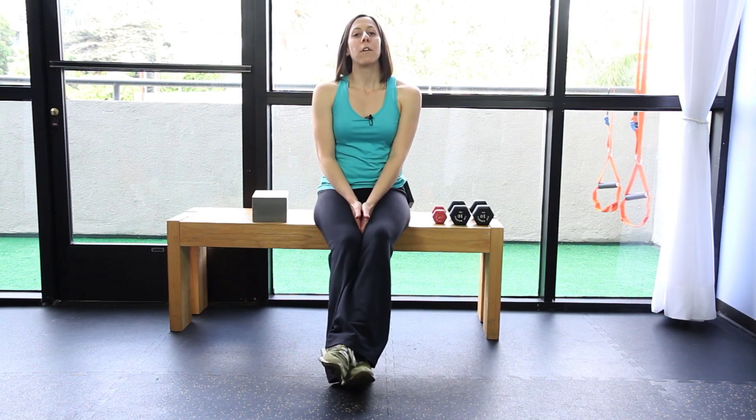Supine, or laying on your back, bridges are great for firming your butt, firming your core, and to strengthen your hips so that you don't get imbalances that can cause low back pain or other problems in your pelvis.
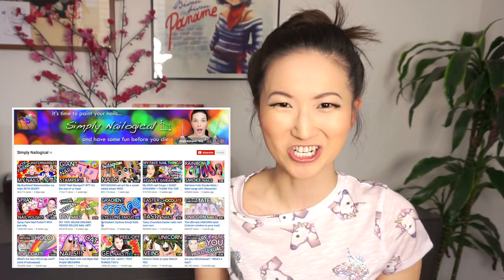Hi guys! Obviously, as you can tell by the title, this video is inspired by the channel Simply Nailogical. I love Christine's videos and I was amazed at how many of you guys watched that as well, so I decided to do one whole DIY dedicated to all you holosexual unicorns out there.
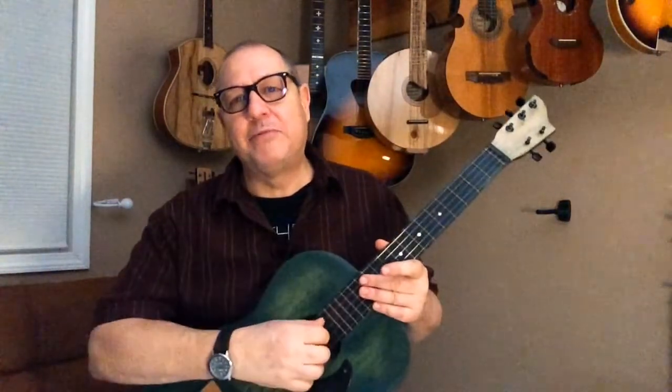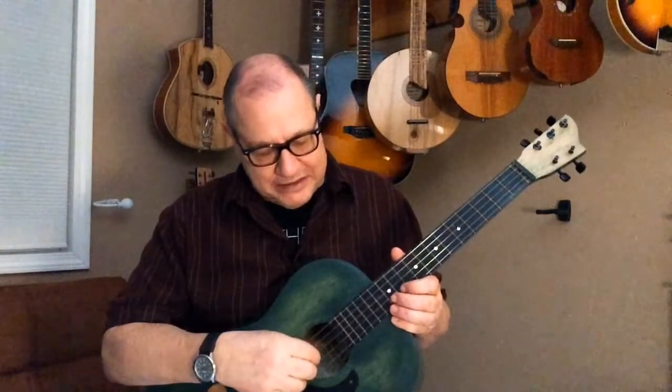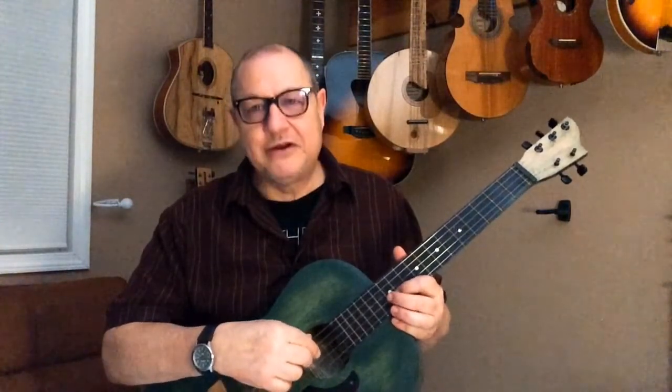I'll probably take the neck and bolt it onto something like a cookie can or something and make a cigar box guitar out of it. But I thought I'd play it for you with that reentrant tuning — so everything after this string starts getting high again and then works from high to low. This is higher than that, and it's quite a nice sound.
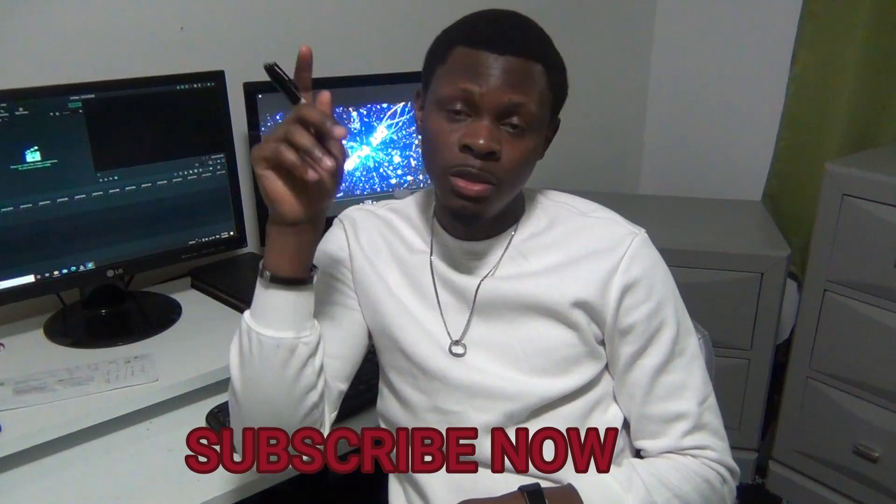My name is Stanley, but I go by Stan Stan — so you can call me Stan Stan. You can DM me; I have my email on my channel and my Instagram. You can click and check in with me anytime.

━━━━

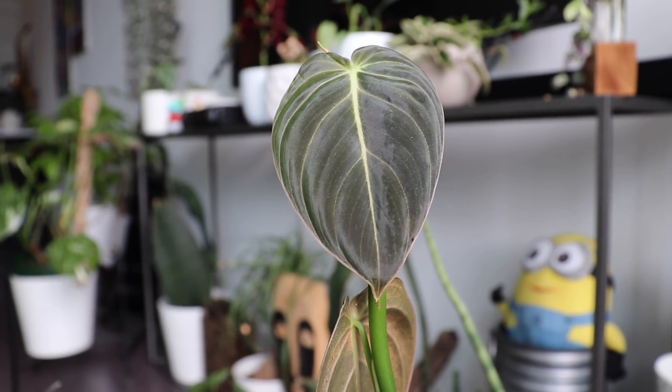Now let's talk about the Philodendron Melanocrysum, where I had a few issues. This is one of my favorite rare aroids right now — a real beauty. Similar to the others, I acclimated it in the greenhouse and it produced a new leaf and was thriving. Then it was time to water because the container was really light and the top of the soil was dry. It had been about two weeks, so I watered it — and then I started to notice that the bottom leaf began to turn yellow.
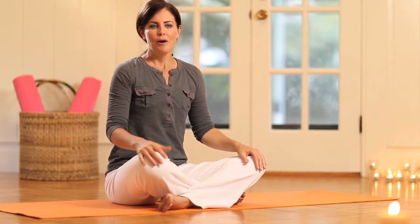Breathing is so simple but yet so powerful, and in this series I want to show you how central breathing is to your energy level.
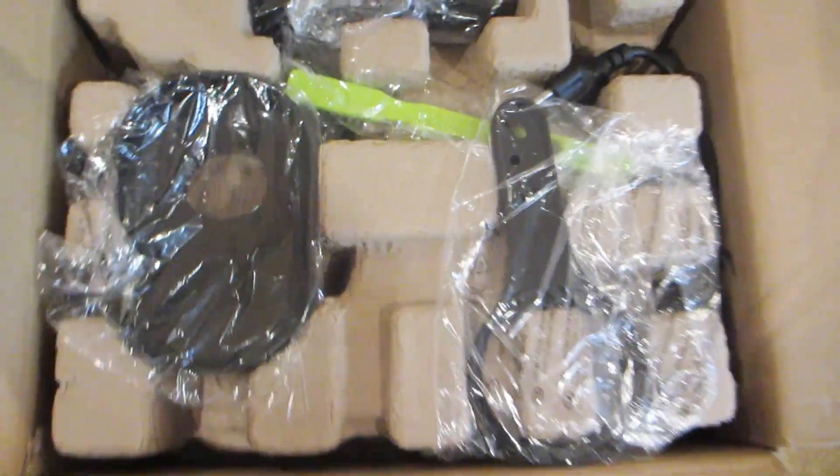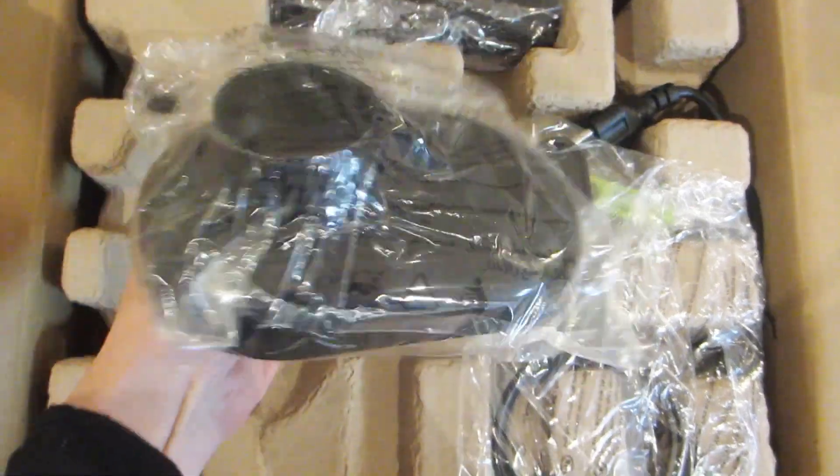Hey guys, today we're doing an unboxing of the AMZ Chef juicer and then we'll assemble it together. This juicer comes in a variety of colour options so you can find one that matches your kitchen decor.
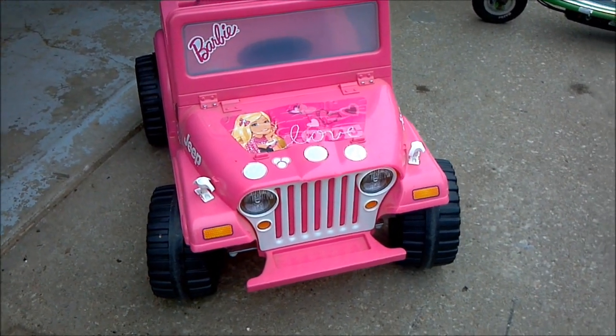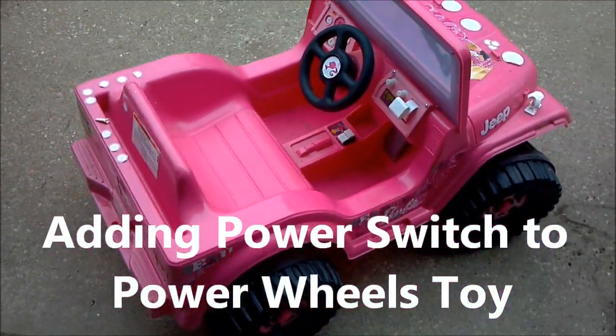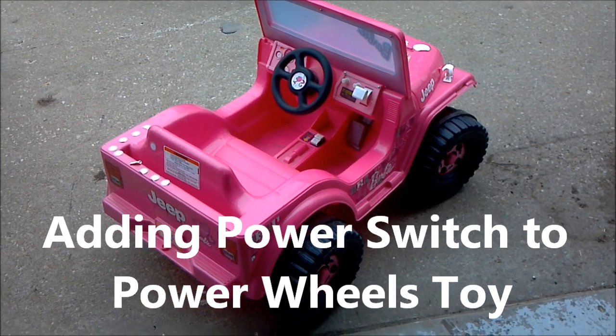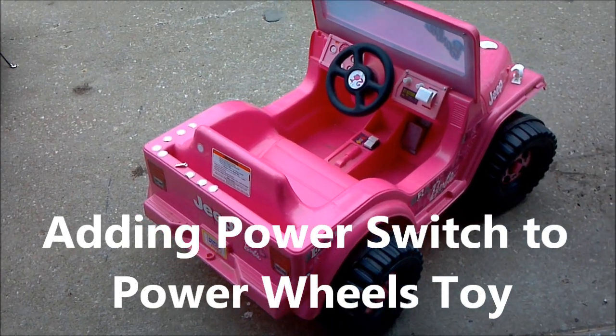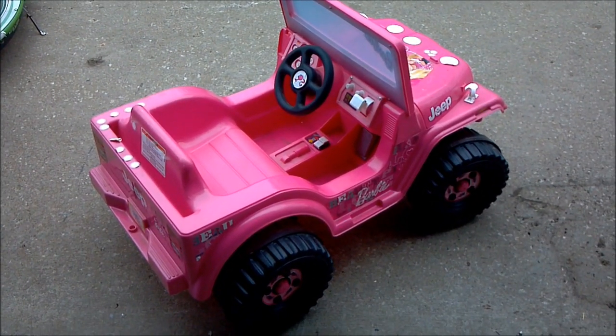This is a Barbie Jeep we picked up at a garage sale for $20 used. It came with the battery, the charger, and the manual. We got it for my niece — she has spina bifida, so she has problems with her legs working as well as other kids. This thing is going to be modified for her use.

━━━━

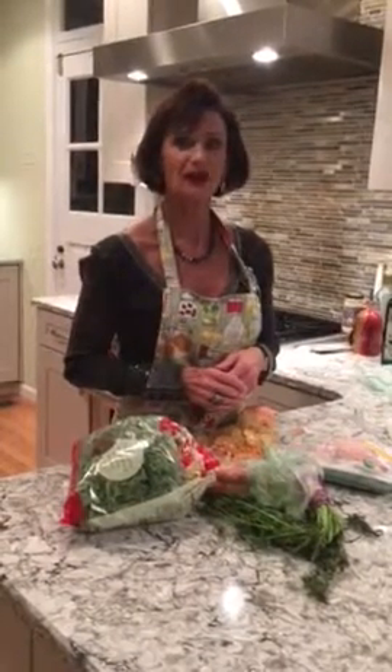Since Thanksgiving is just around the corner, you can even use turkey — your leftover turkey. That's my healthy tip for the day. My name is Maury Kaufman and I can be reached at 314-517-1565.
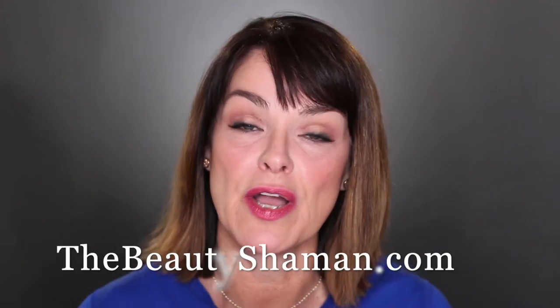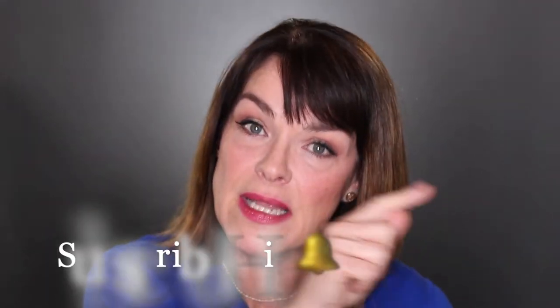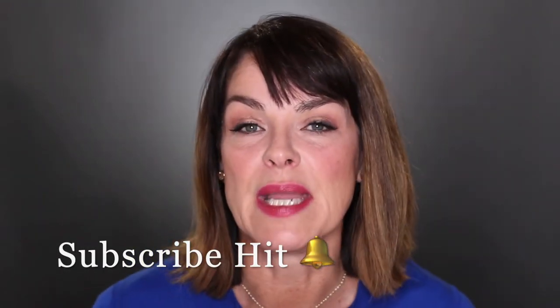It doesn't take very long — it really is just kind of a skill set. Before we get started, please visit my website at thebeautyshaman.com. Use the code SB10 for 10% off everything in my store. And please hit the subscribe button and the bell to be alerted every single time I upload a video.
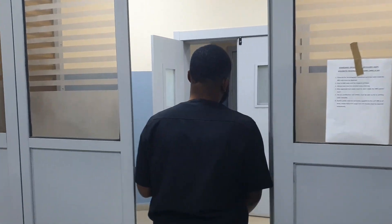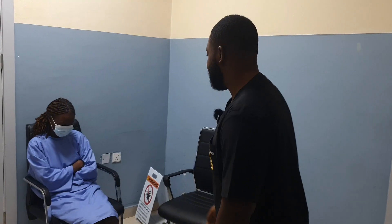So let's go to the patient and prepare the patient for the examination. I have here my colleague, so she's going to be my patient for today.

━━━━

Task to complete:
Word for word, write out the lines above running from the one with "It doesn't take" up to and including the one with "So let's go". Drop any picture.

Finished exercise:
It doesn't take very long — it really is just kind of a skill set. Before we get started, please visit my website at thebeautyshaman.com. Use the code SB10 for 10% off everything in my store. And please hit the subscribe button and the bell to be alerted every single time I upload a video.
So let's go to the patient and prepare the patient for the examination. I have here my colleague, so she's going to be my patient for today.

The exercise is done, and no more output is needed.